Condina’s farm is tucked into a grove of eucalyptus and oak trees. When I arrived, I was struck by the conjunction of the beautiful natural landscape and the discarded refuse of contemporary civilization. The place is strewn with automobile parts, rusting lawn mowers, plastic chairs, pipes of all sizes, piles of rubber tubing, discarded furniture, old refrigerators, and other junk, all dramatically lit by the sunlight filtering through the dense oak and eucalyptus branches. Condina greeted me wearing a plaid flannel shirt and baseball cap and apologized for the mess the place was in. “I’ve got to clean all this up,” he said, sweeping his arm to take in the littered landscape. He pointed me in the direction of a makeshift shed where a trio of workers sorted and washed piles of lettuce on a table frame covered with black netting. Speaking to one of the workers in an engaging mix of Spanish, Italian, and English, Condina told him to show me around and that he would be back in ten minutes.
I took a quick tour of the front garden, a plot about 50 yards square where row after row of spring greens flourished. (Again, it was January, so “spring greens” may be a misnomer.) Condina did return shortly, and we sat down at a nearby table and talked about his thriving produce business and how he got into it.

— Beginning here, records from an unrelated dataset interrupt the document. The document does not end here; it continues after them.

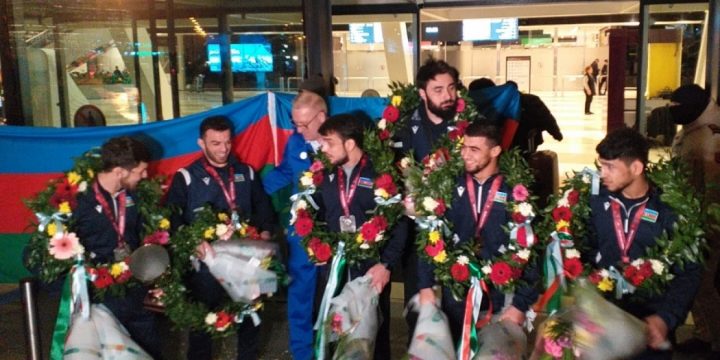 Avropa çempionatında ikinci yeri tutan Azərbaycan güləşçiləri Vətənə dönüblər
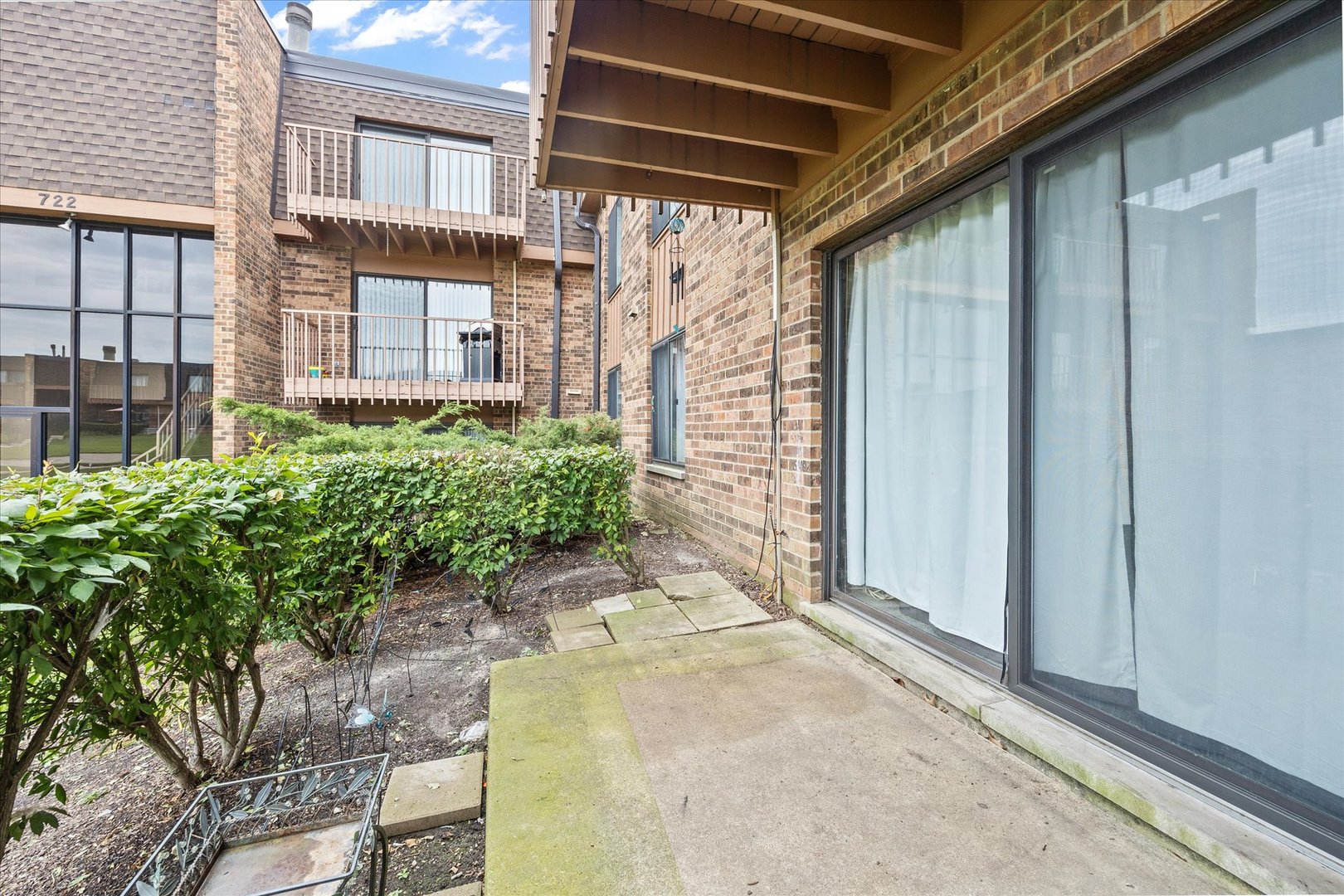 733 Limerick Lane Unit: 1C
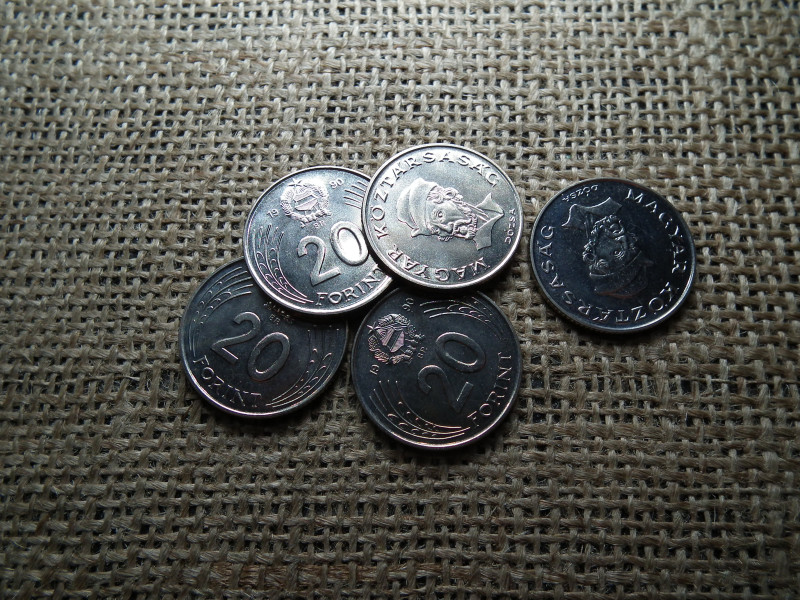 20 forint 1990 , ritka ! Köztársaság körirat , népköztársaság címer ! Tévveret ! Extra ! ár / db 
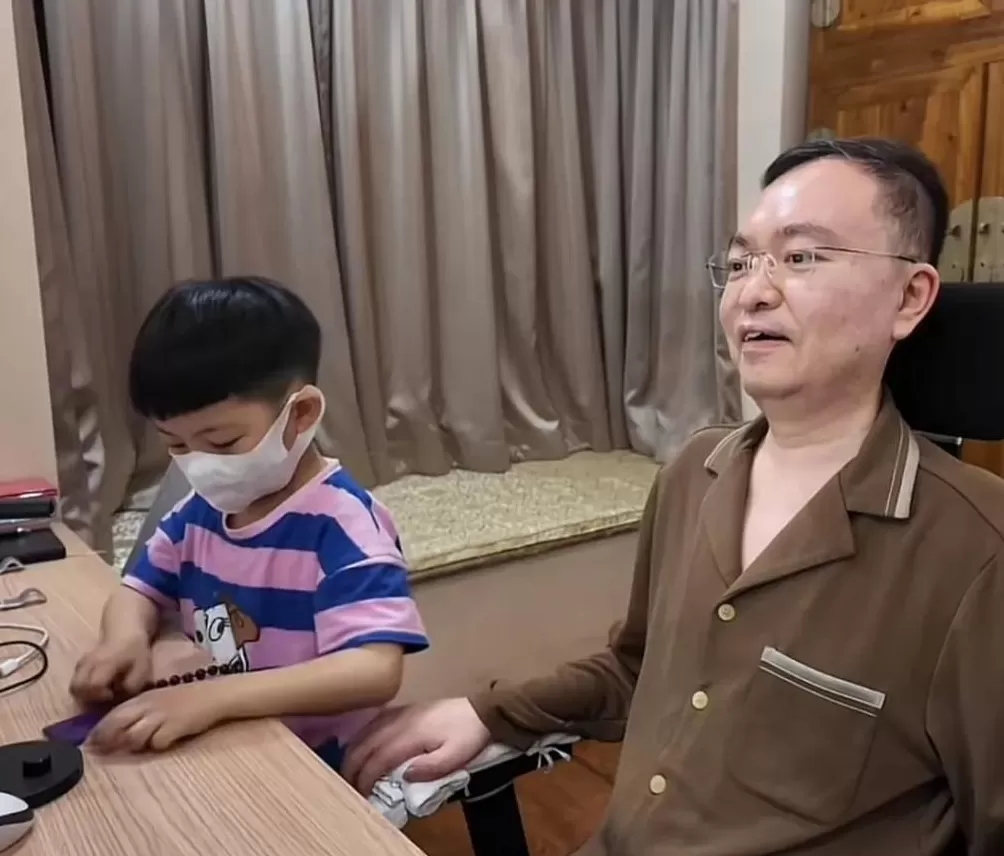 蔡磊进入渐冻症晚期：全身仅眼球能动，研发药物对病友起效，对自己没用-第3张图片-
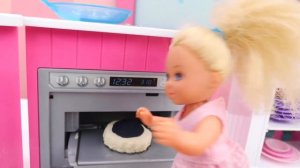 Штеффи одна дома - Готовим вместе пирог! Игры для девочек с Барби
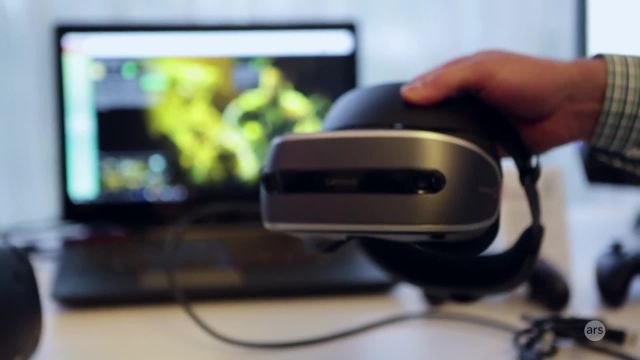 CES 2017: A look at Lenovo's new prototype VR headset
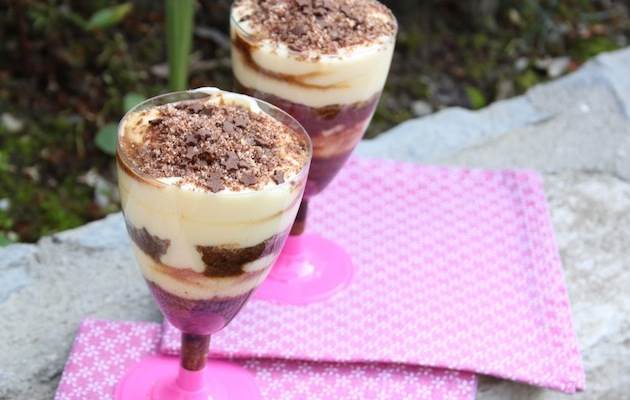 Tiramisu con biscotti al cioccolato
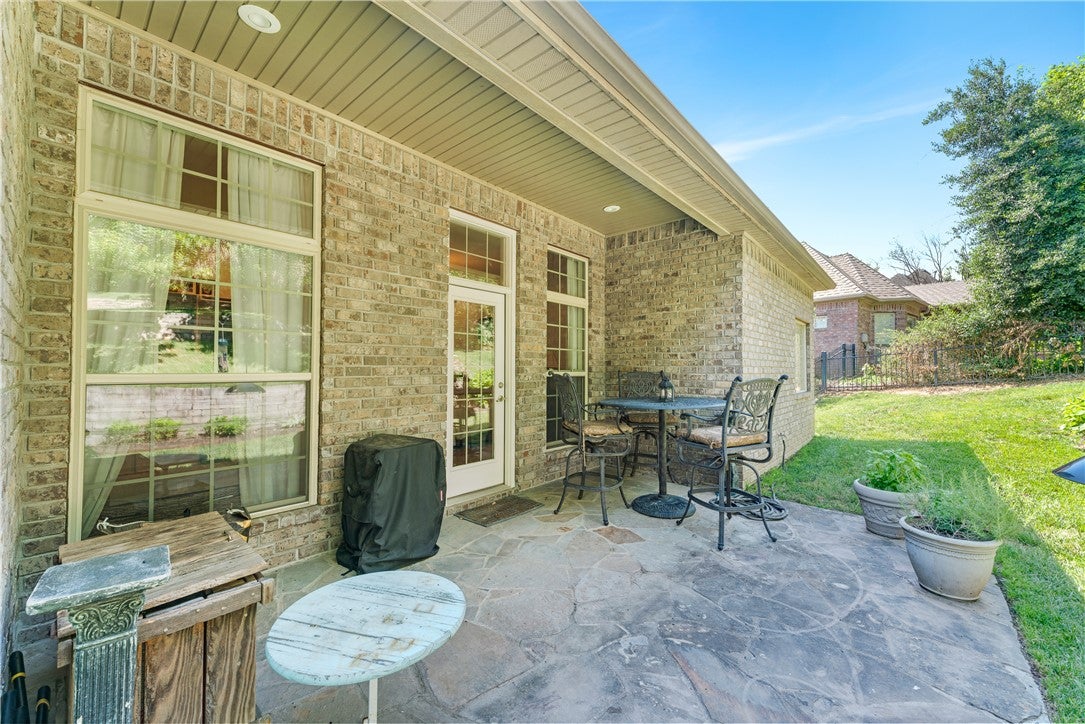 2529 N Candlewood Dr, Fayetteville, AR, 72703, USA, 4 Bedrooms Bedrooms, ,4 BathroomsBathrooms,Residential,Active,2529 N Candlewood Dr,1352185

He was born in S. Eufémia d’Aspromonte, a little town in the very toe of the Italian boot, close to Reggio di Calabria. Like Salvatore Giametta, he originally arrived in New York but was drawn to California because of the climate. “Southern Italians,” he told me, “don’t like the cold. In 1971, I started a restaurant business, and I was in the restaurant business for nearly 20 years, but I got tired of it. All the time I was running restaurants, I always kept a garden and grew my own produce. One of the reasons I decided to get out of the restaurant business is to work outdoors. From practically the beginning, I knew I liked gardening more than being inside all day. It started off just as a hobby — more for relaxing than anything else — but soon I discovered that I enjoyed it much more than I enjoyed taking care of restaurants. I love seeing things grow. So I started to plant more seeds, to grow a little bit more. Expanded. And you know, I have no experience in the beginning. But I know because my family in Italy had a farm. I was a kid then. I grew up on a farm. I remember so many things. When I was a kid I worked on the farm too. So I take the knowledge, and I remember from my father and my grandfather, my relatives over there.”
As Condina shifts the conversation from operating restaurants to planting gardens, I notice a change in his demeanor. His face gets rosier; his manner becomes more animated. All the gardeners I spoke to talk of planting and growing vegetables in an almost mystical way. They seem in touch with age-old rituals connected to the cycles of nature. It is this connection that has been severed for so many of us who buy our food in supermarkets, and this is what T.S. Eliot had in mind when he wrote, “April is the cruelest month.” It’s cruel because as nature blooms it reminds us how out of touch we are with the regenerative powers of the natural world.